> _What you need to do_: Please repeat each line below exactly, with no images in the copy.

===== Provided data

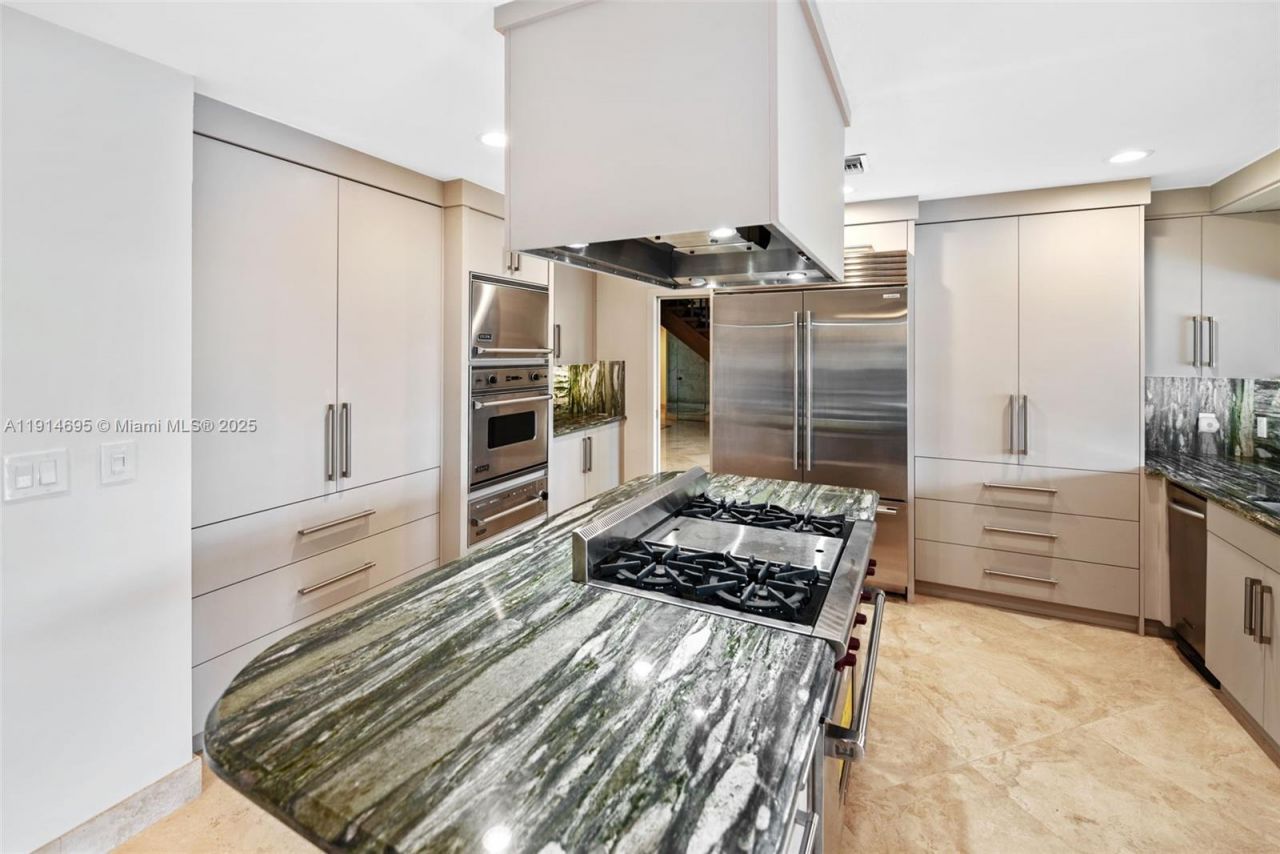 2015 NE 120th Rd, North Miami, FL 33181 Photo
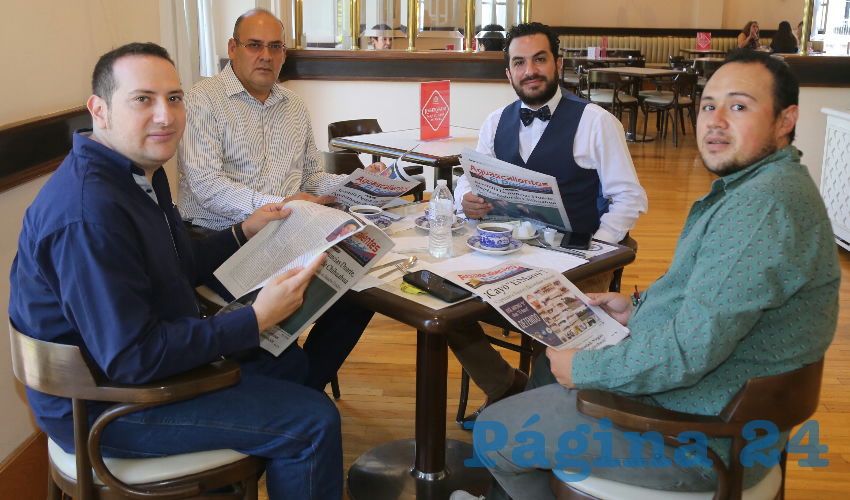 &Oacute;scar L&oacute;pez L&oacute;pez, Daniel Avil&eacute;s Mart&iacute;nez, Kike de la Torre, coordinador de Comunicaci&oacute;n Social del Municipio de Aguascalientes; y Juan Manuel S&aacute;nchez, compartieron el pan y la sal en Sanborns Francia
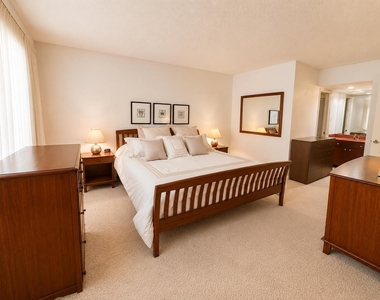 4200 Oaks Terrace - Photo Thumbnail 3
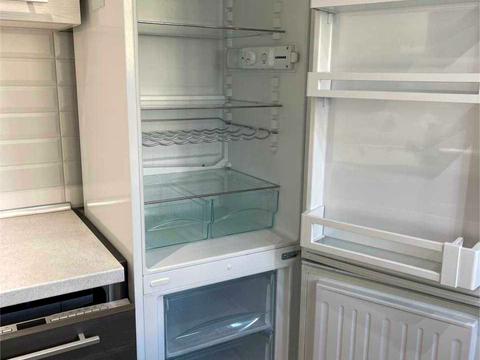 квартира за адресою Академіка Глушкова просп., 9-Д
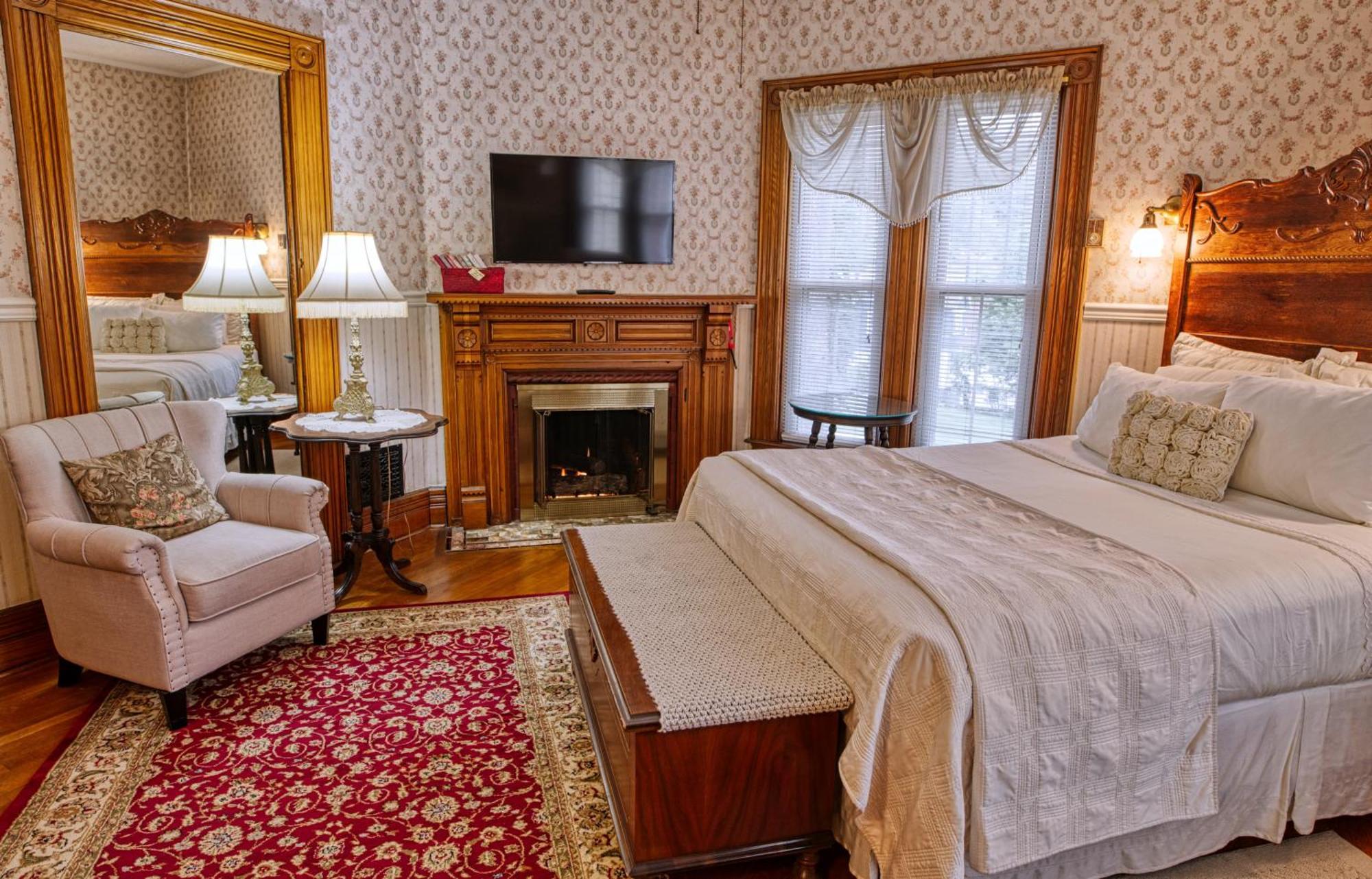 Rockwell Falls Inn And Wine Bar Lake Luzerne Zimmer foto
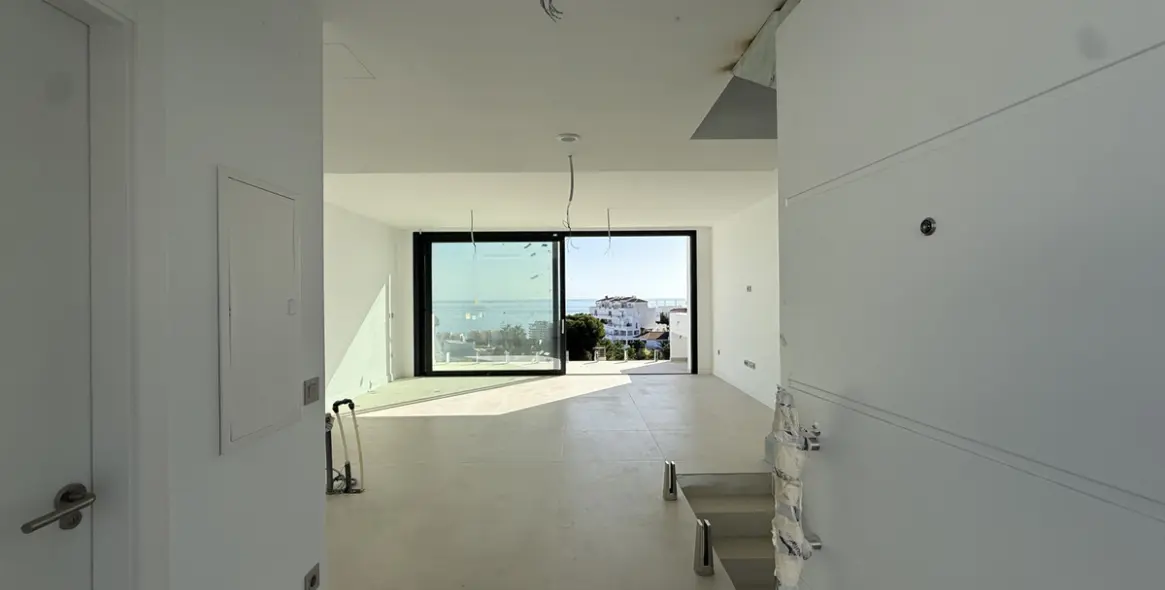 Продажа дома на две семьи в Fuengirola 12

==========

> _Written answer_:
 2015 NE 120th Rd, North Miami, FL 33181 Photo
 &Oacute;scar L&oacute;pez L&oacute;pez, Daniel Avil&eacute;s Mart&iacute;nez, Kike de la Torre, coordinador de Comunicaci&oacute;n Social del Municipio de Aguascalientes; y Juan Manuel S&aacute;nchez, compartieron el pan y la sal en Sanborns Francia
 4200 Oaks Terrace - Photo Thumbnail 3
 квартира за адресою Академіка Глушкова просп., 9-Д
 Rockwell Falls Inn And Wine Bar Lake Luzerne Zimmer foto
 Продажа дома на две семьи в Fuengirola 12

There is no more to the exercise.